--- START ---

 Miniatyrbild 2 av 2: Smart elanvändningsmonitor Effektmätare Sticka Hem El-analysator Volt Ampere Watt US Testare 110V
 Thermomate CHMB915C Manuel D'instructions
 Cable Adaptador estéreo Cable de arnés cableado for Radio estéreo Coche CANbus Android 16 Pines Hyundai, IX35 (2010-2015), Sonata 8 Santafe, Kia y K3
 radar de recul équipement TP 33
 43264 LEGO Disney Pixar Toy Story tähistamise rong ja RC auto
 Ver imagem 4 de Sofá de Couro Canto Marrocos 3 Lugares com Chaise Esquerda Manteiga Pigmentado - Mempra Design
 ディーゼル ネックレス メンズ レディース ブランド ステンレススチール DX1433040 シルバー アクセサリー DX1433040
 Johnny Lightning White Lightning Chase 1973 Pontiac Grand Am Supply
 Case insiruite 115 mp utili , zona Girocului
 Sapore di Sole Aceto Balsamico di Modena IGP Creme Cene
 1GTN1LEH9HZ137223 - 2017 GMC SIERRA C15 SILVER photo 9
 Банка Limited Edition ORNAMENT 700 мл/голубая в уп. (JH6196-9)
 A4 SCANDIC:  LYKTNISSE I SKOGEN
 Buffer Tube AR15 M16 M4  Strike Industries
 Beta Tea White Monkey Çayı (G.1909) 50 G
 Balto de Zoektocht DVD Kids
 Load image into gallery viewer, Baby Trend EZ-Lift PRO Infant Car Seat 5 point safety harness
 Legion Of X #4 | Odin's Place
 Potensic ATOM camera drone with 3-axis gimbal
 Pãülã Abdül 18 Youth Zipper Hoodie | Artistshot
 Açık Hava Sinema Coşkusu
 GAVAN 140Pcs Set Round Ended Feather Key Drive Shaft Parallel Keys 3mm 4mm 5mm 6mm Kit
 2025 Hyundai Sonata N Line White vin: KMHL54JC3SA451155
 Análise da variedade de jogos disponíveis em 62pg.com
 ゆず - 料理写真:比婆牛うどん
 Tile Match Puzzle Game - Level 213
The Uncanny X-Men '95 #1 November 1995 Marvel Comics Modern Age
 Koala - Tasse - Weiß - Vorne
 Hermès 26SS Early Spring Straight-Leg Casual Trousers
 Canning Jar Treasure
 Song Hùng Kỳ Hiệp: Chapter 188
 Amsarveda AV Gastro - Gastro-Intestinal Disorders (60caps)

--- END ---

TASK TO COMPLETE:
Output the records once more, exactly as they stand.

WORKED SOLUTION:
 Miniatyrbild 2 av 2: Smart elanvändningsmonitor Effektmätare Sticka Hem El-analysator Volt Ampere Watt US Testare 110V
 Thermomate CHMB915C Manuel D'instructions
 Cable Adaptador estéreo Cable de arnés cableado for Radio estéreo Coche CANbus Android 16 Pines Hyundai, IX35 (2010-2015), Sonata 8 Santafe, Kia y K3
 radar de recul équipement TP 33
 43264 LEGO Disney Pixar Toy Story tähistamise rong ja RC auto
 Ver imagem 4 de Sofá de Couro Canto Marrocos 3 Lugares com Chaise Esquerda Manteiga Pigmentado - Mempra Design
 ディーゼル ネックレス メンズ レディース ブランド ステンレススチール DX1433040 シルバー アクセサリー DX1433040
 Johnny Lightning White Lightning Chase 1973 Pontiac Grand Am Supply
 Case insiruite 115 mp utili , zona Girocului
 Sapore di Sole Aceto Balsamico di Modena IGP Creme Cene
 1GTN1LEH9HZ137223 - 2017 GMC SIERRA C15 SILVER photo 9
 Банка Limited Edition ORNAMENT 700 мл/голубая в уп. (JH6196-9)
 A4 SCANDIC:  LYKTNISSE I SKOGEN
 Buffer Tube AR15 M16 M4  Strike Industries
 Beta Tea White Monkey Çayı (G.1909) 50 G
 Balto de Zoektocht DVD Kids
 Load image into gallery viewer, Baby Trend EZ-Lift PRO Infant Car Seat 5 point safety harness
 Legion Of X #4 | Odin's Place
 Potensic ATOM camera drone with 3-axis gimbal
 Pãülã Abdül 18 Youth Zipper Hoodie | Artistshot
 Açık Hava Sinema Coşkusu
 GAVAN 140Pcs Set Round Ended Feather Key Drive Shaft Parallel Keys 3mm 4mm 5mm 6mm Kit
 2025 Hyundai Sonata N Line White vin: KMHL54JC3SA451155
 Análise da variedade de jogos disponíveis em 62pg.com
 ゆず - 料理写真:比婆牛うどん
 Tile Match Puzzle Game - Level 213
The Uncanny X-Men '95 #1 November 1995 Marvel Comics Modern Age
 Koala - Tasse - Weiß - Vorne
 Hermès 26SS Early Spring Straight-Leg Casual Trousers
 Canning Jar Treasure
 Song Hùng Kỳ Hiệp: Chapter 188
 Amsarveda AV Gastro - Gastro-Intestinal Disorders (60caps)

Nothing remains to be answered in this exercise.